Exercise details :: Print all of the records below again without a single difference.

Excerpted records ::
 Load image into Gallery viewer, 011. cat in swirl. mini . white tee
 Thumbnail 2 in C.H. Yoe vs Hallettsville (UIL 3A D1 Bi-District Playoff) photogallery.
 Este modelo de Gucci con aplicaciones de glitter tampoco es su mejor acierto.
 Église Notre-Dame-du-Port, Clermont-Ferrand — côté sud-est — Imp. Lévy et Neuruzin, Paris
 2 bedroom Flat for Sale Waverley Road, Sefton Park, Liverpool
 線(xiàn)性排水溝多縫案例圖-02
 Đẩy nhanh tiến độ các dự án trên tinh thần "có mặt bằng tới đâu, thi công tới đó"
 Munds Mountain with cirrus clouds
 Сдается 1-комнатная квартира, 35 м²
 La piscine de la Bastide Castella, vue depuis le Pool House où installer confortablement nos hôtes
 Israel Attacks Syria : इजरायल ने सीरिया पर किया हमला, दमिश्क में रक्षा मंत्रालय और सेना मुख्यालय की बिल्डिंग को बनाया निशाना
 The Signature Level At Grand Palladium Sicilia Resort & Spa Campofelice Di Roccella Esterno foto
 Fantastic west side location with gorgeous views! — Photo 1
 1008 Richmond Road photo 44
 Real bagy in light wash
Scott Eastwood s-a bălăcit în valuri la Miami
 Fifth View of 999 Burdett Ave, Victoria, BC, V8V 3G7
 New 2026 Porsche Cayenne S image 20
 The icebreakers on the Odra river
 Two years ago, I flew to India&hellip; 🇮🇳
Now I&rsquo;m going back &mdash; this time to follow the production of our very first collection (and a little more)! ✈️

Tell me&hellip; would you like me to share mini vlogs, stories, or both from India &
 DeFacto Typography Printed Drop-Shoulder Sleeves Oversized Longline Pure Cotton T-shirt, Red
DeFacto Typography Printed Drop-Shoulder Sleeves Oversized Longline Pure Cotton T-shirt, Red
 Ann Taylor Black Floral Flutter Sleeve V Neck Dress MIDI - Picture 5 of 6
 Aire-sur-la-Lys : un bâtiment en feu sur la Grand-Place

Result for this task ::
 Load image into Gallery viewer, 011. cat in swirl. mini . white tee
 Thumbnail 2 in C.H. Yoe vs Hallettsville (UIL 3A D1 Bi-District Playoff) photogallery.
 Este modelo de Gucci con aplicaciones de glitter tampoco es su mejor acierto.
 Église Notre-Dame-du-Port, Clermont-Ferrand — côté sud-est — Imp. Lévy et Neuruzin, Paris
 2 bedroom Flat for Sale Waverley Road, Sefton Park, Liverpool
 線(xiàn)性排水溝多縫案例圖-02
 Đẩy nhanh tiến độ các dự án trên tinh thần "có mặt bằng tới đâu, thi công tới đó"
 Munds Mountain with cirrus clouds
 Сдается 1-комнатная квартира, 35 м²
 La piscine de la Bastide Castella, vue depuis le Pool House où installer confortablement nos hôtes
 Israel Attacks Syria : इजरायल ने सीरिया पर किया हमला, दमिश्क में रक्षा मंत्रालय और सेना मुख्यालय की बिल्डिंग को बनाया निशाना
 The Signature Level At Grand Palladium Sicilia Resort & Spa Campofelice Di Roccella Esterno foto
 Fantastic west side location with gorgeous views! — Photo 1
 1008 Richmond Road photo 44
 Real bagy in light wash
Scott Eastwood s-a bălăcit în valuri la Miami
 Fifth View of 999 Burdett Ave, Victoria, BC, V8V 3G7
 New 2026 Porsche Cayenne S image 20
 The icebreakers on the Odra river
 Two years ago, I flew to India&hellip; 🇮🇳
Now I&rsquo;m going back &mdash; this time to follow the production of our very first collection (and a little more)! ✈️

Tell me&hellip; would you like me to share mini vlogs, stories, or both from India &
 DeFacto Typography Printed Drop-Shoulder Sleeves Oversized Longline Pure Cotton T-shirt, Red
DeFacto Typography Printed Drop-Shoulder Sleeves Oversized Longline Pure Cotton T-shirt, Red
 Ann Taylor Black Floral Flutter Sleeve V Neck Dress MIDI - Picture 5 of 6
 Aire-sur-la-Lys : un bâtiment en feu sur la Grand-Place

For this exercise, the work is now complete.